Prepare an `.h5ad` file with the information needed by the notebooks:

- raw counts, preferably in `adata.layers["raw_counts"]`; if raw counts are in
  `adata.X`, the first notebook can copy them into `adata.layers["raw_counts"]`;
- spatial coordinates in `adata.obsm["spatial"]`;
- a nearest-neighbor graph for smoothing, usually from `scanpy.pp.neighbors`;
- an `adata.obs` column that identifies normal or healthy reference cells for
  `infercnvpy`;
- the exact category names in that reference column that should be used as the
  normal reference, for example immune, stromal, or other non-tumor cell types;
- gene names that can be matched to genomic coordinates. The package includes
  the default `infercnvpy` gene coordinate table, and the notebooks show where
  to adjust this if your gene annotation differs.

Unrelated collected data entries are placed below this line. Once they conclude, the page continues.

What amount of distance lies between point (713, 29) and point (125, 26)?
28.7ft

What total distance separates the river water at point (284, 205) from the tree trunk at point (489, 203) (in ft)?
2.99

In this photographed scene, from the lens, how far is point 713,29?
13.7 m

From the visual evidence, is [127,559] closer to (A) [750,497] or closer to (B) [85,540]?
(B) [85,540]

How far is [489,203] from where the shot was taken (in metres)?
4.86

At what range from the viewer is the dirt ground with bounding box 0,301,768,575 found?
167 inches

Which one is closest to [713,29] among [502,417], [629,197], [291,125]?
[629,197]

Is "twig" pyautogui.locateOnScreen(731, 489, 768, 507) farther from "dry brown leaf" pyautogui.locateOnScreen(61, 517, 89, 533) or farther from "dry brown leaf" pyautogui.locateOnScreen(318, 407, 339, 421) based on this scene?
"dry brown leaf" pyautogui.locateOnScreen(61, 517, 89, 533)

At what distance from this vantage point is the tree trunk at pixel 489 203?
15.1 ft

Do not use normalized or log-transformed values as raw counts. The CNV workflow
normalizes, smooths, and log-transforms the raw counts itself.

## Notebook Workflow

Run the notebooks in order for your own dataset, editing the setup cells at the
top of each notebook.

### 1. Run InSituCNV

`notebooks/run_insitucnv.ipynb`

Use this notebook to run the full CNV analysis step by step:

- load your spatial transcriptomics `.h5ad` file;
- choose the raw count layer name with `RAW_LAYER`;
- choose the normal/reference annotation with `REFERENCE_KEY` and
  `REFERENCE_CATEGORIES`;
- normalize raw counts;
- smooth normalized counts over the neighbor graph;
- add genomic positions;
- run `infercnvpy`;
- cluster CNV profiles across selected Leiden resolutions;
- visualize chromosome heatmaps and spatial CNV cluster plots.

After reviewing the heatmap and spatial plot, manually edit:

- `NORMAL_CLUSTERS`;
- `TUMOR_CLUSTERS`, if you want to specify tumor clusters directly;
- `TUMOR_CLONE_CLUSTERS`, if some tumor clusters have distinct enough CNV
  profiles to report as separate tumor clones.

No cluster is marked as normal automatically.

## Outputs

The notebooks write results under their configured output directories, usually
`results/...` or `outputs/...`. Typical outputs include:

- checked input `.h5ad` files;
- AnnData objects with CNV values and CNV cluster labels;
- CNV chromosome heatmaps;
- spatial CNV cluster plots;
- optional manually annotated tumor/normal and tumor-clone cell group tables;
- optional mean CNV profiles for manually selected tumor cells.